◆ **YOUR GOAL**: Write out each record below exactly, but not the pictures.

◆ **SUPPLIED DATA**:

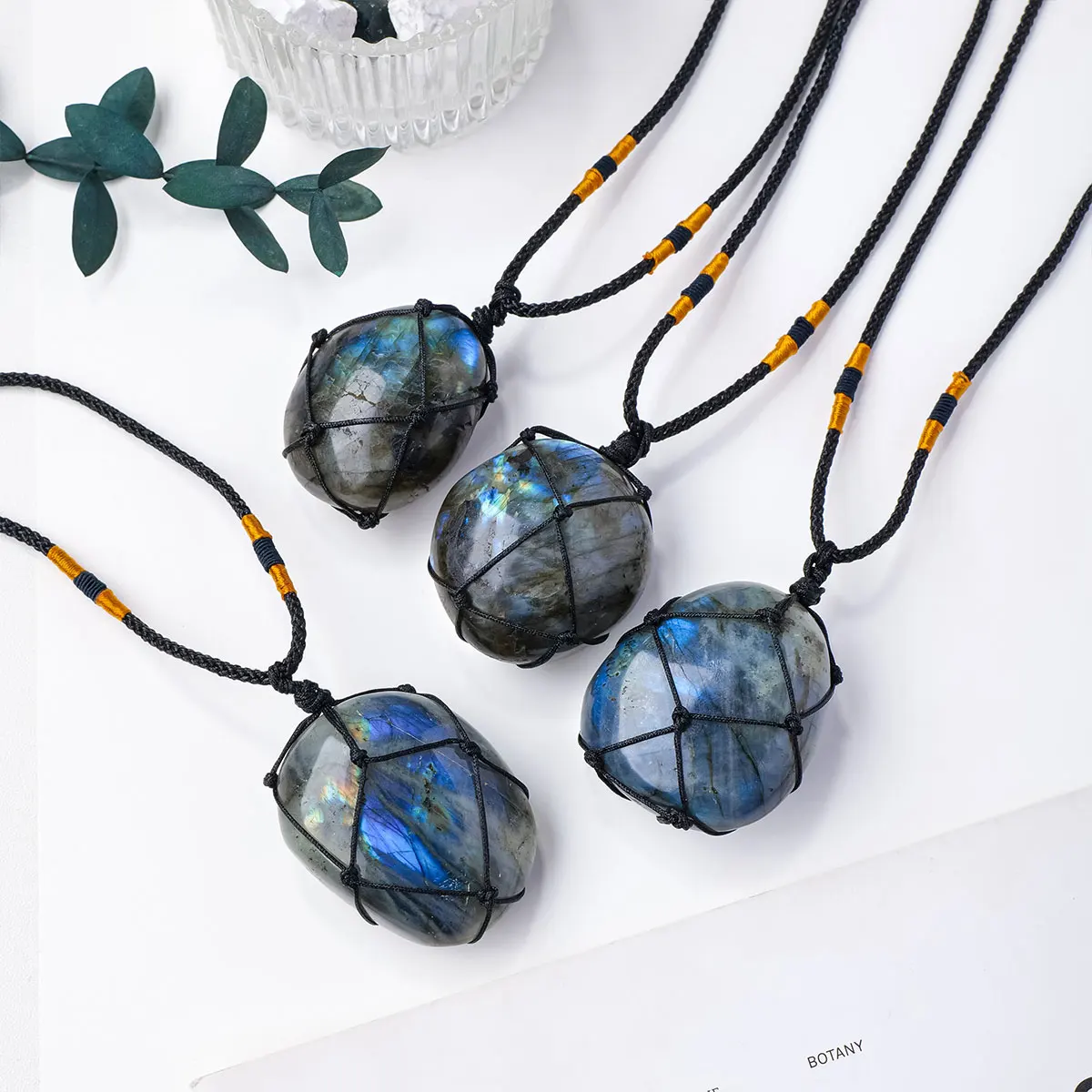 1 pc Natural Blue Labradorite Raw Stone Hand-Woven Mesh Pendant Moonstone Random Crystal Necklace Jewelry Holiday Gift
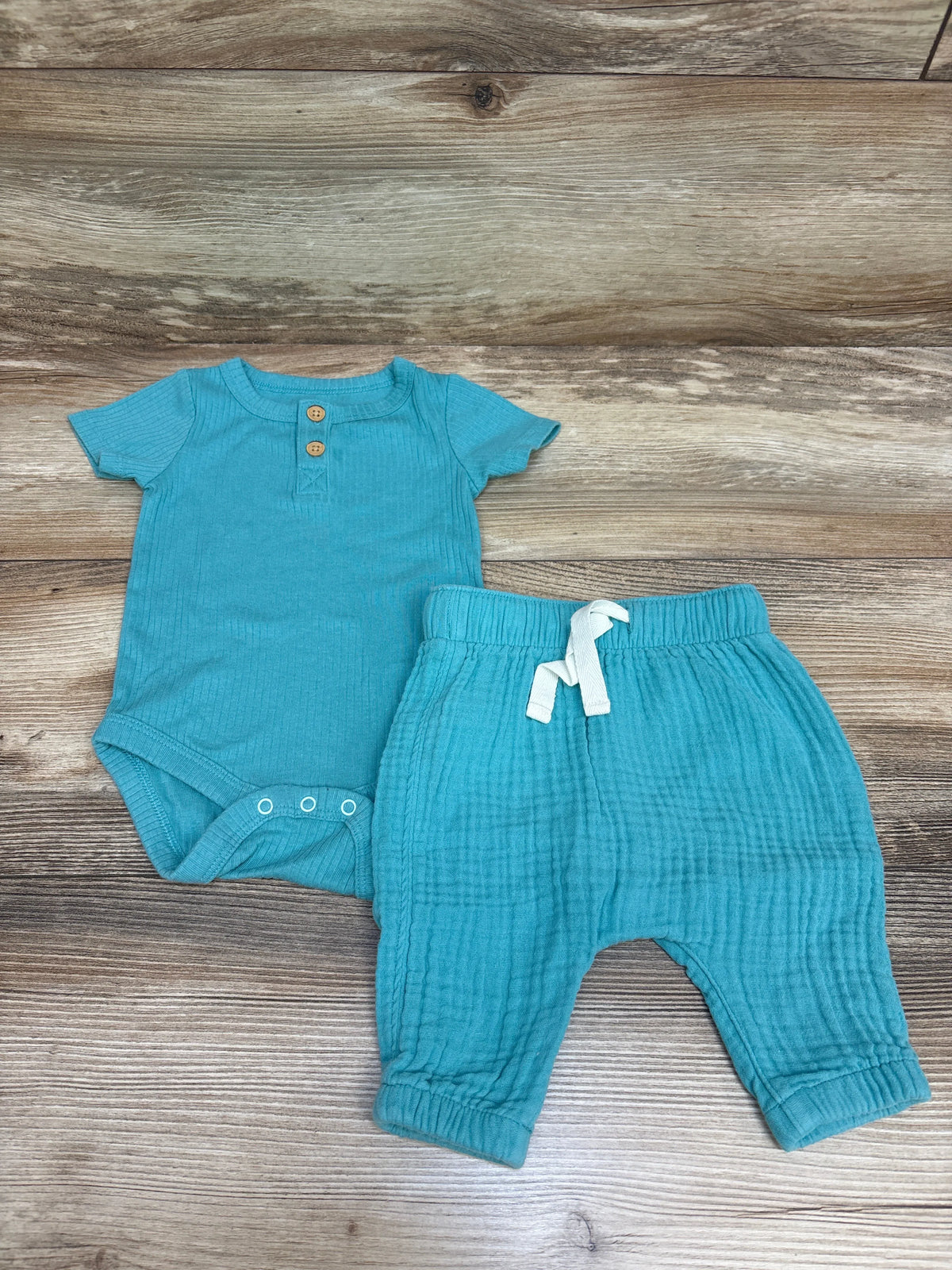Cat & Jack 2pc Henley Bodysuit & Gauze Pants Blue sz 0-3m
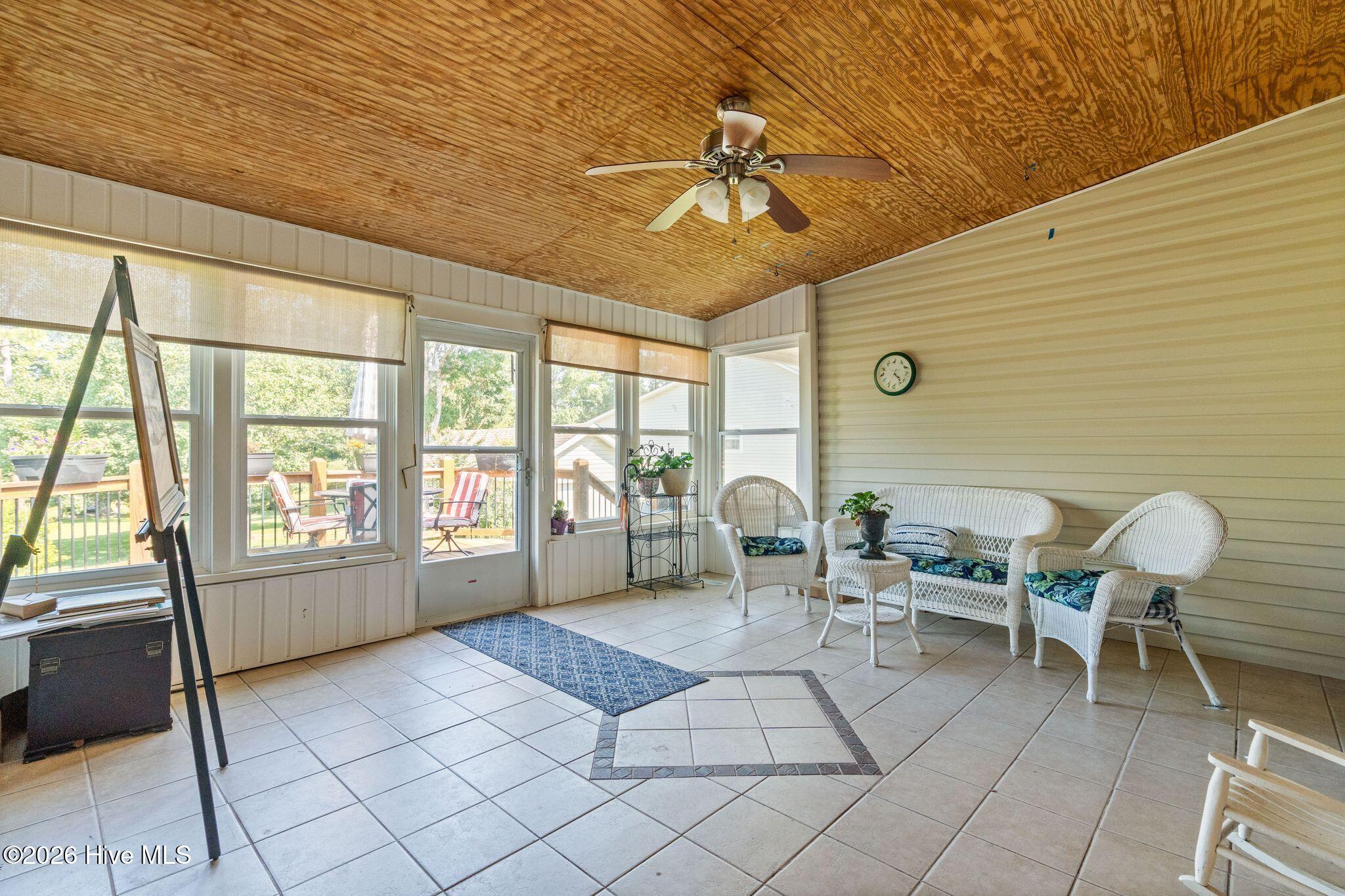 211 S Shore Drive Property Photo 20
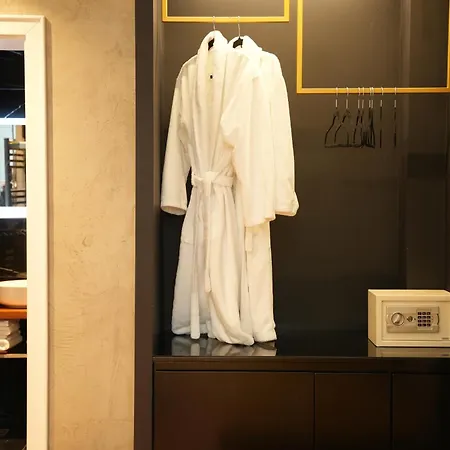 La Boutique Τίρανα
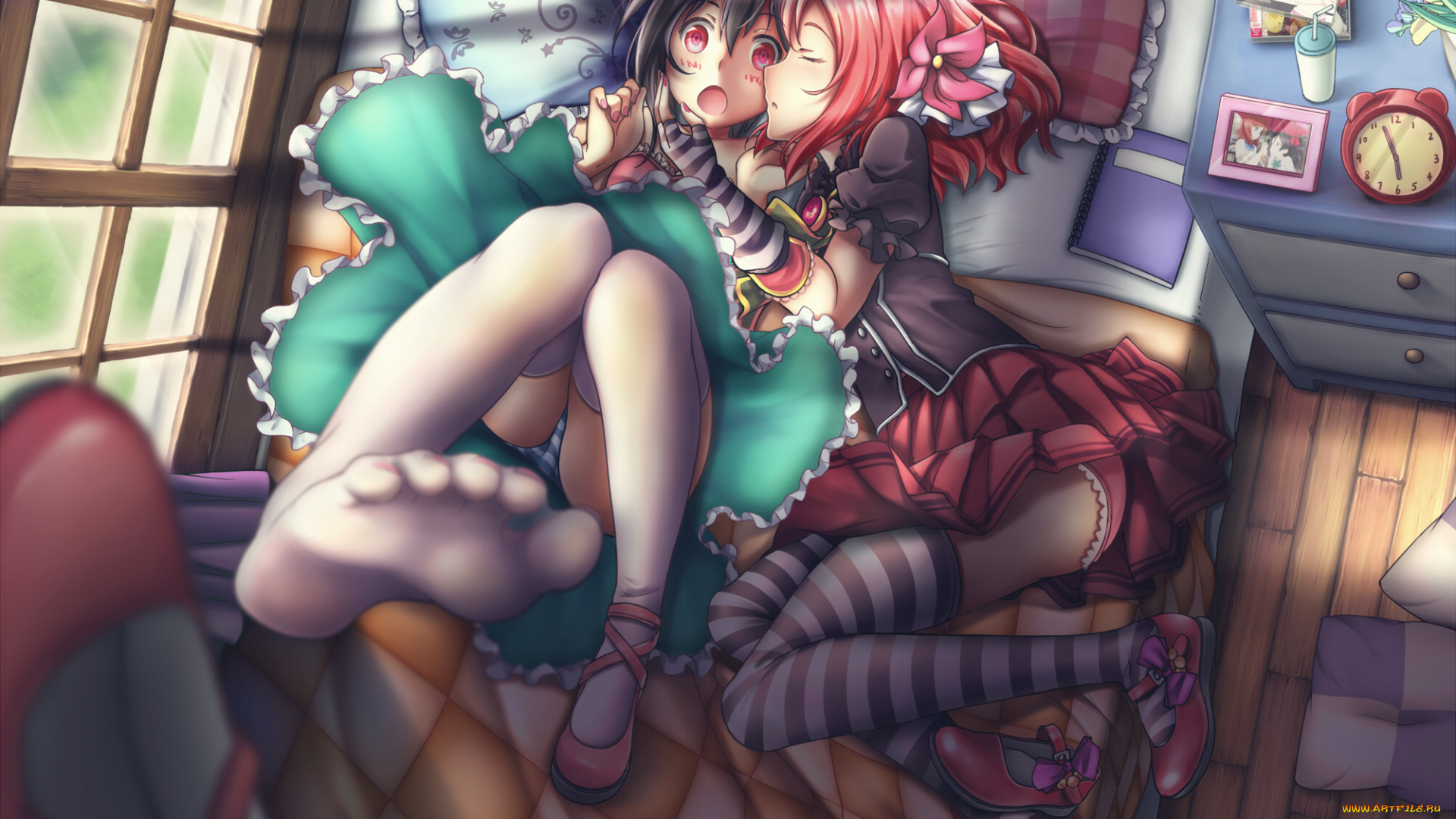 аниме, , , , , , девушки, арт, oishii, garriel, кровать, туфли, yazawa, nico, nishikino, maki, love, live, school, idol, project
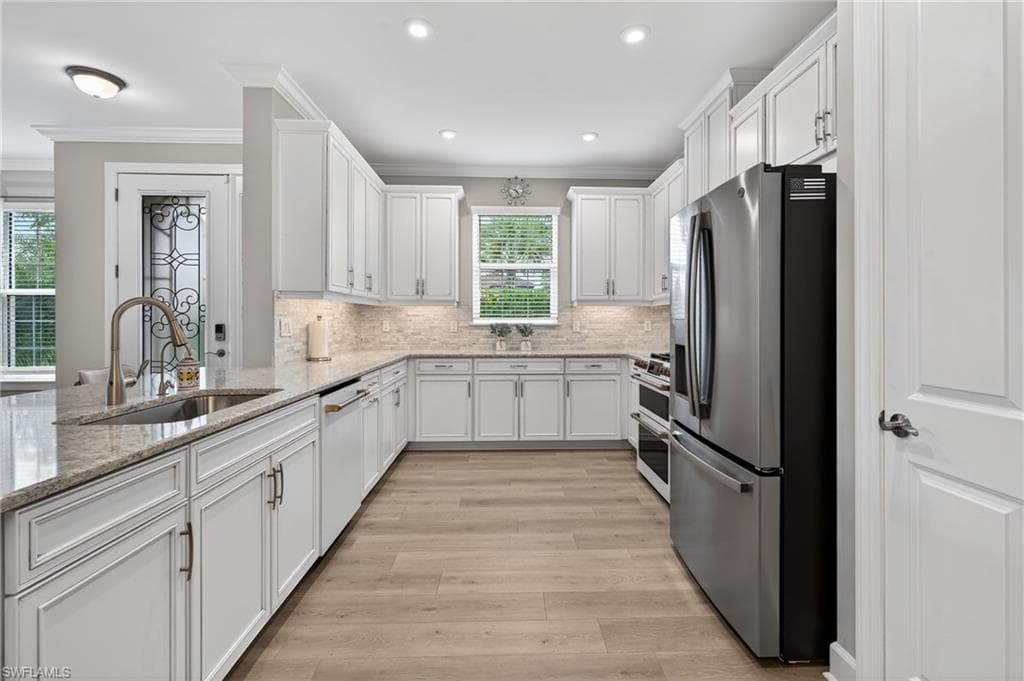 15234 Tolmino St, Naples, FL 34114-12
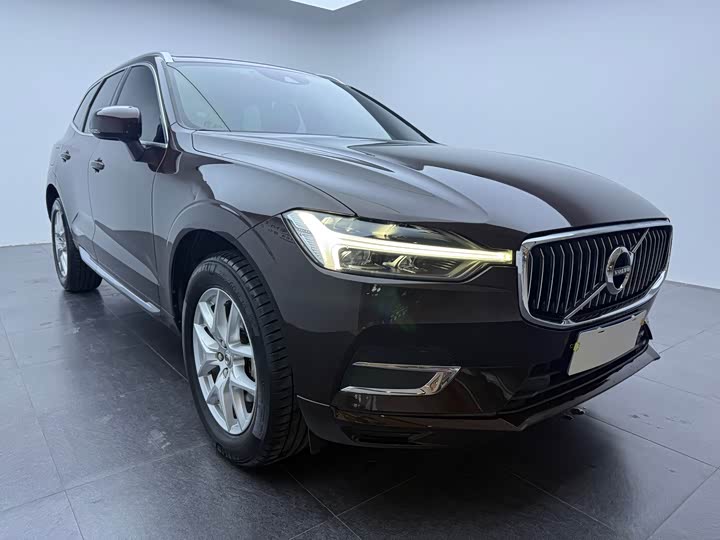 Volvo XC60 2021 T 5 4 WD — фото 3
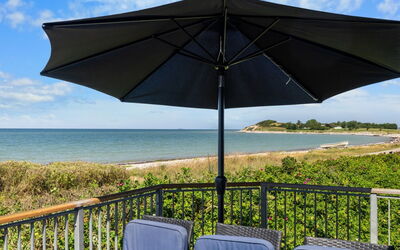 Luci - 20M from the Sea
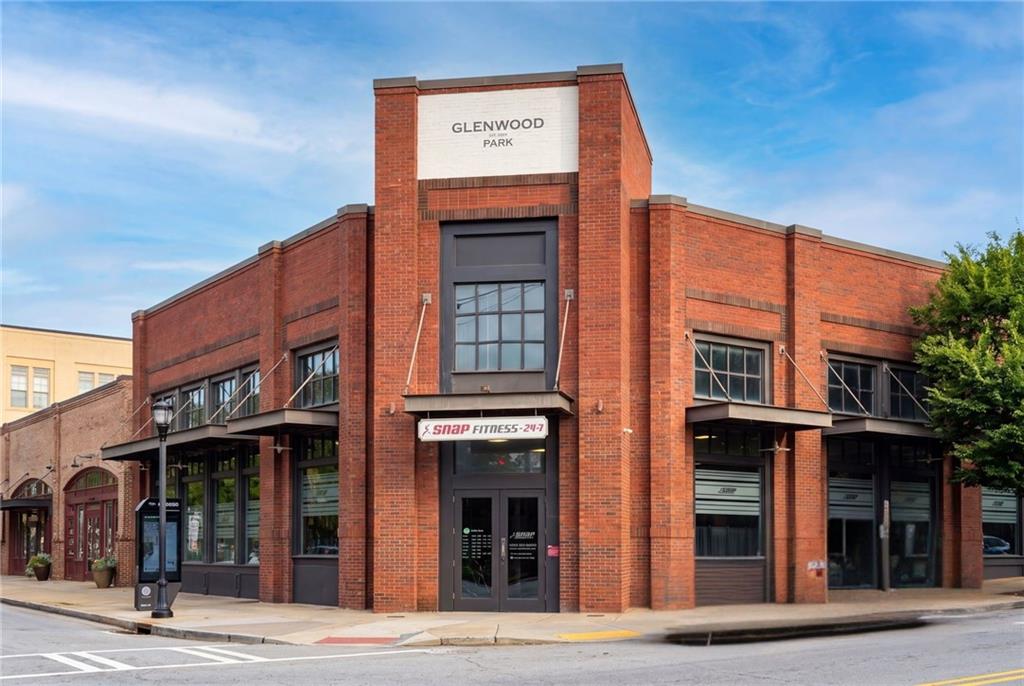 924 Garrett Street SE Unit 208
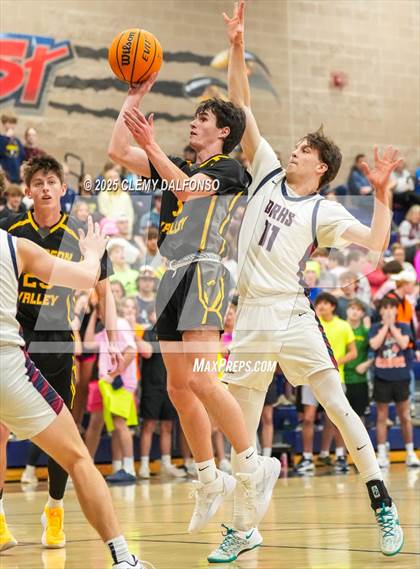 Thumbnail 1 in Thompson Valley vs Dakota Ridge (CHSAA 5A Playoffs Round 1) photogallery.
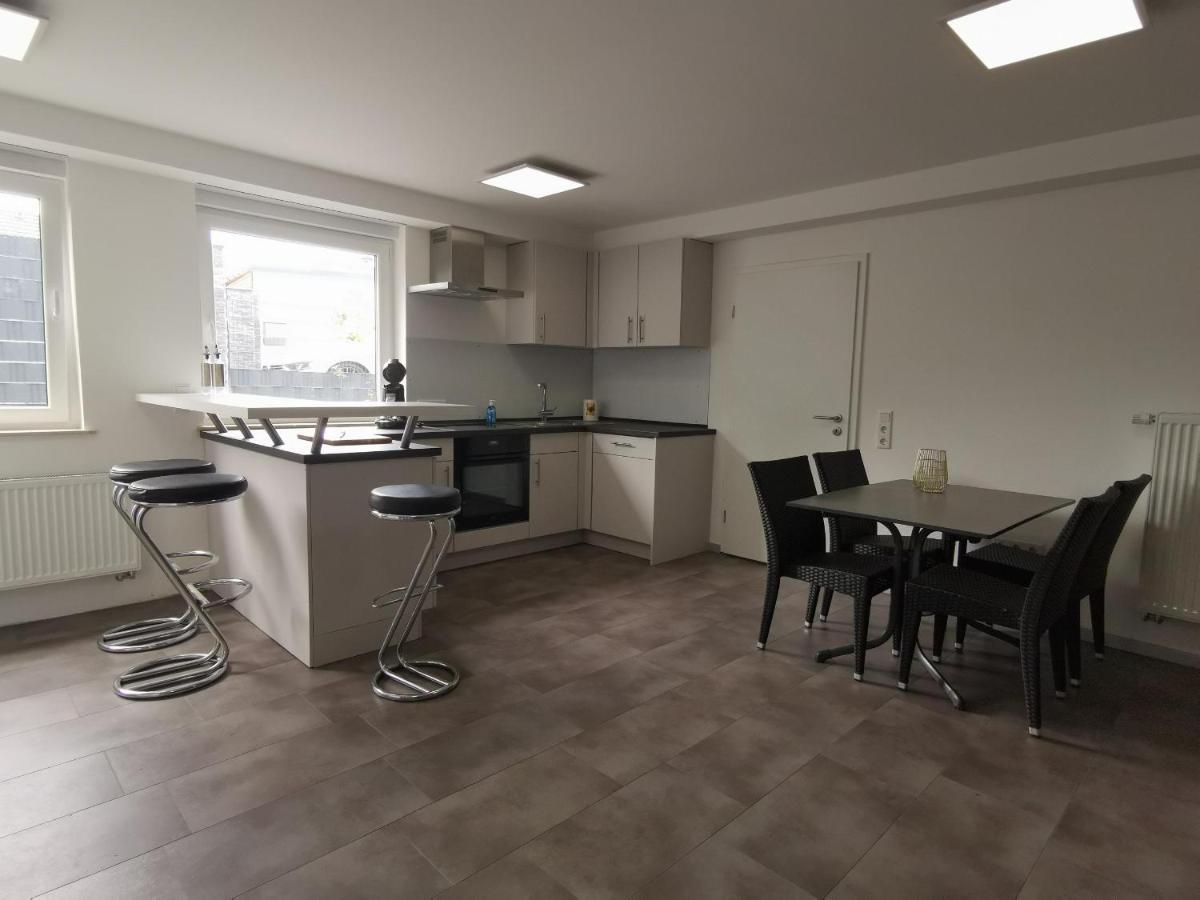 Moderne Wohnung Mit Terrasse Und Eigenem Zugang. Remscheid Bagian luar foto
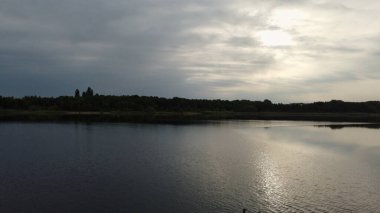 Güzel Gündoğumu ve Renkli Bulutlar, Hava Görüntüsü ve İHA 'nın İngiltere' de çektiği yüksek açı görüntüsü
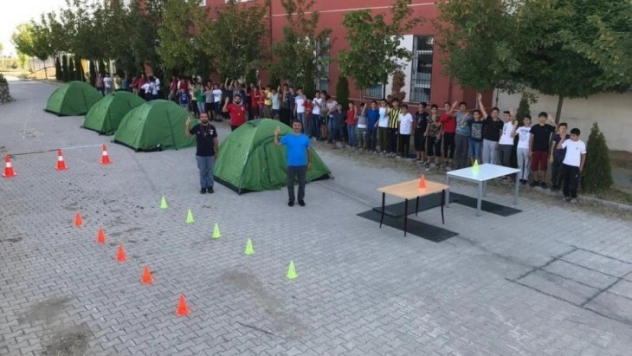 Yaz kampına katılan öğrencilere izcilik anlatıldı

◆ **WRITTEN SOLUTION**:
 1 pc Natural Blue Labradorite Raw Stone Hand-Woven Mesh Pendant Moonstone Random Crystal Necklace Jewelry Holiday Gift
Cat & Jack 2pc Henley Bodysuit & Gauze Pants Blue sz 0-3m
 211 S Shore Drive Property Photo 20
 La Boutique Τίρανα
 аниме, , , , , , девушки, арт, oishii, garriel, кровать, туфли, yazawa, nico, nishikino, maki, love, live, school, idol, project
 15234 Tolmino St, Naples, FL 34114-12
 Volvo XC60 2021 T 5 4 WD — фото 3
 Luci - 20M from the Sea
 924 Garrett Street SE Unit 208
 Thumbnail 1 in Thompson Valley vs Dakota Ridge (CHSAA 5A Playoffs Round 1) photogallery.
 Moderne Wohnung Mit Terrasse Und Eigenem Zugang. Remscheid Bagian luar foto
 Güzel Gündoğumu ve Renkli Bulutlar, Hava Görüntüsü ve İHA 'nın İngiltere' de çektiği yüksek açı görüntüsü
 Yaz kampına katılan öğrencilere izcilik anlatıldı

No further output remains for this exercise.